Now, since every solution must be of this form, we can now simply substitute this in the functional equation, which gives us: $2(c(cx+u+cy+u)+u)=c(c(x+y)+u)+u+x+y$ for all $x,y\in\Bbb Q$. Now we plug $x=0,y=0$ and $x=0,y=1$ into this to get the following equations (after simplifying): $(3c+1)u=0\\3cu+c^2+u-1=0$

First of these tells us that in order for $f$ to be a solution, we must either have $u=0$ or $c=-\frac13$. But plugging $c=-\frac13$ into the second equation gives us $1 = \frac19$, which is false, so $c=-\frac13$ is not a possibility.

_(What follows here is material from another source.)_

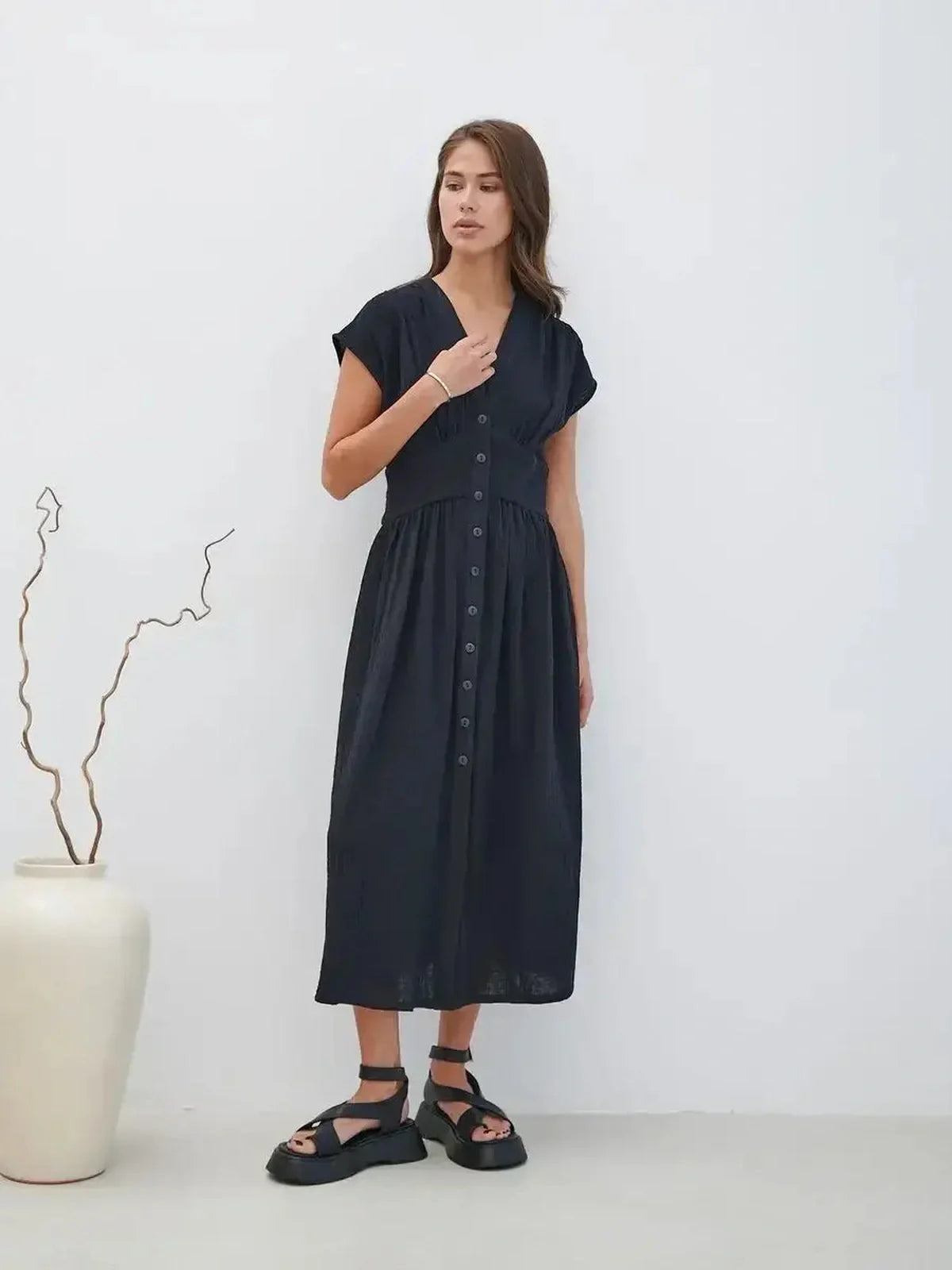 Sable Grace Midi Dress in black with a V-neck, button detail, and sculpted waist, perfect for summer and formal occasions.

Therefore $u$ must indeed be $0$.

But plugging this into the second equation gives us $c^2=1$, so either $c=1$ or $c=-1$. So the only possible solutions are $f=\pm\operatorname{id}_{\Bbb Q}$ and as these are indeed solutions, we have proved:

Proposition. A function $f$ is a solution of the equation if and only if $f=\pm\operatorname{id}_{\Bbb Q}$.